为什么定义INT_MIN为(-INT_MAX - 1)能解决问题呢?
-INT_MAX(即-2147483647)的十六进制为0x8001,(-INT_MAX - 1)正好是0x8000,即-2147483648。
下面是相关的一段程序:
/* * Description: * INT_MIN related curiosities. */ #include <stdio.h> #include <limits.h> #include <stdlib.h> #define btoa(x) ((x) ? "TRUE" : "FALSE") int main() { int a = -2147483648; int b = 2147483648; printf("-2147483647 > 0 is %s\n", btoa(-2147483647 > 0)); // FALSE printf("-2147483648 > 0 is %s\n", btoa(-2147483648 > 0)); // Undefined: may TRUE printf("INT_MIN-1 > 0 is %s\n", btoa(INT_MIN-1 > 0)); // TRUE: 0x8000-1=0x7999(INT_MAX)>0 printf("2147483647 > 0 is %s\n", btoa(2147483647 > 0)); // TRUE printf("2147483648 > 0 is %s\n", btoa(2147483648 > 0)); // Undefined: may FALSE printf("INT_MAX+1 > 0 is %s\n", btoa(INT_MAX+1 > 0)); // FALSE: 0x7999+1=0x8000(INT_MIN)<0 printf("int(-2147483648) > 0 is %s\n", btoa(a > 0)); // Undefined: printf("int(2147483648) > 0 is %s\n", btoa(b > 0)); // Undefined: printf("-2147483648L > 0 is %s\n", btoa(-2147483648L > 0)); // if LONG_INT_MAX > INT_MAX: FALSE; else Undefined. printf("-2147483648LL > 0 is %s\n", btoa(-2147483648LL > 0)); // FALSE printf("abs(INT_MIN) is %d\n", abs(INT_MIN)); }
在不同平台的运行结果如下:
OS X 10.10 Yosemite(x86-64):
-2147483647 > 0 is FALSE
-2147483648 > 0 is FALSE
INT_MIN-1 > 0 is TRUE
2147483647 > 0 is TRUE
2147483648 > 0 is TRUE
INT_MAX+1 > 0 is FALSE
int(-2147483648) > 0 is FALSE
int(2147483648) > 0 is FALSE
-2147483648L > 0 is FALSE
-2147483648LL > 0 is FALSE
Ubuntu 14.04(x86-64):
-2147483647 > 0 is FALSE
-2147483648 > 0 is FALSE
INT_MIN-1 > 0 is TRUE
2147483647 > 0 is TRUE
2147483648 > 0 is TRUE
INT_MAX+1 > 0 is FALSE
int(-2147483648) > 0 is FALSE
int(2147483648) > 0 is FALSE
-2147483648L > 0 is FALSE
-2147483648LL > 0 is FALSE
abs(INT_MIN) is -2147483648
可以看到现在很多系统已经是64bit,所以(-2147483648 > 0 )也没有出错。

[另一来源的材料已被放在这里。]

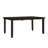 Rectangular Extendable Solid Wood Dining Table-280776653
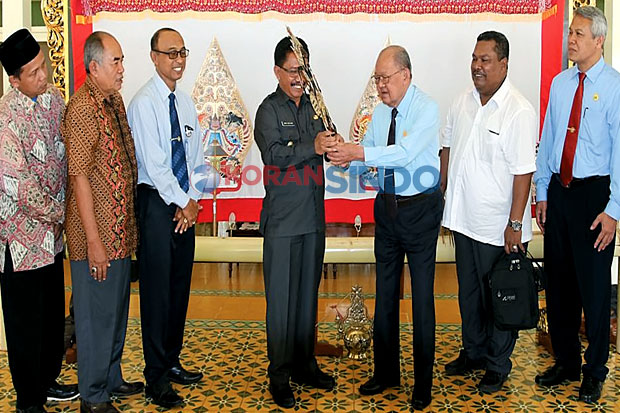 Pemda DIY Bantu Sorong...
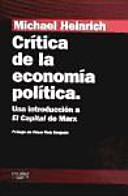 Crítica de la economía política: una introducción a El capital de Marx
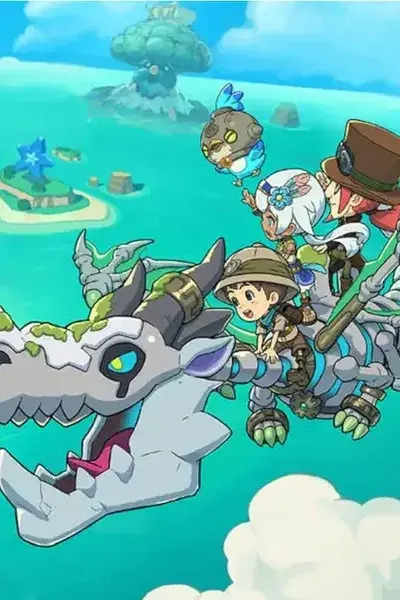 Fantasy Life i: The Girl who Steals Time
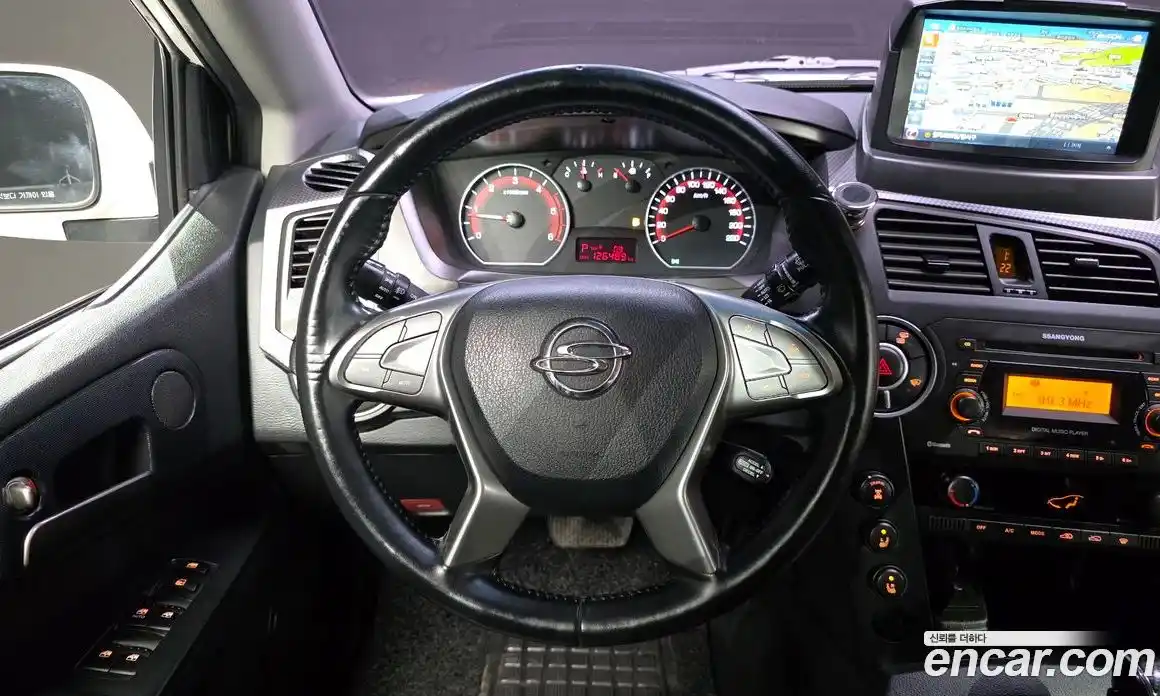 SsangYong Korando 2015 2.0 гидро, фото 12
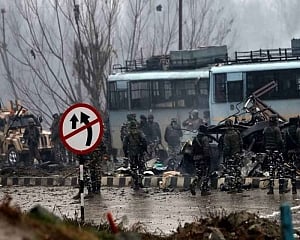 PM Modi pays homage to Pulwama terror attack martyrs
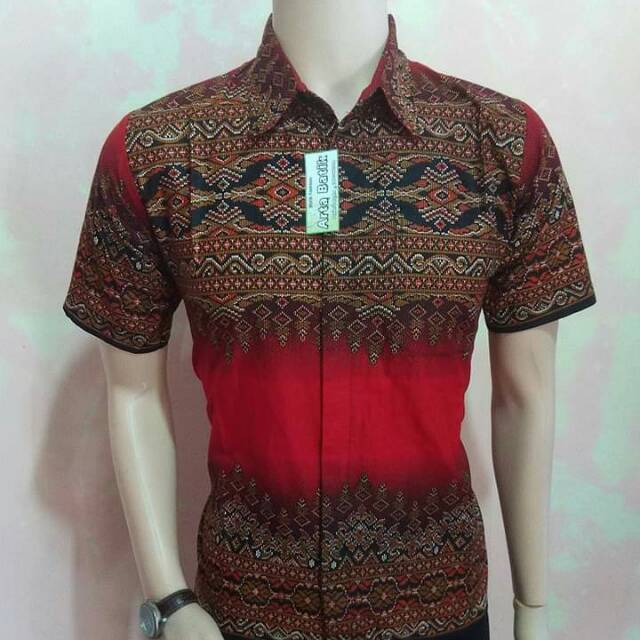 Kemeja Batik Pekalongan Classic Premium Quality | Atasan Pria | Batik Pekalongan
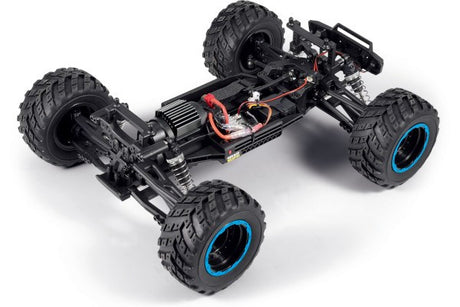 Smyter MT 1/12 4WD Electric Monster Truck - Blue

不过值得注意的是,abs(INT_MIN)依然还是-2147483648。这是abs的例外:
If the result cannot be represented by the returned type (such as abs(INT_MIN) in an implementation with two‘s complement signed values), it causes undefined behavior.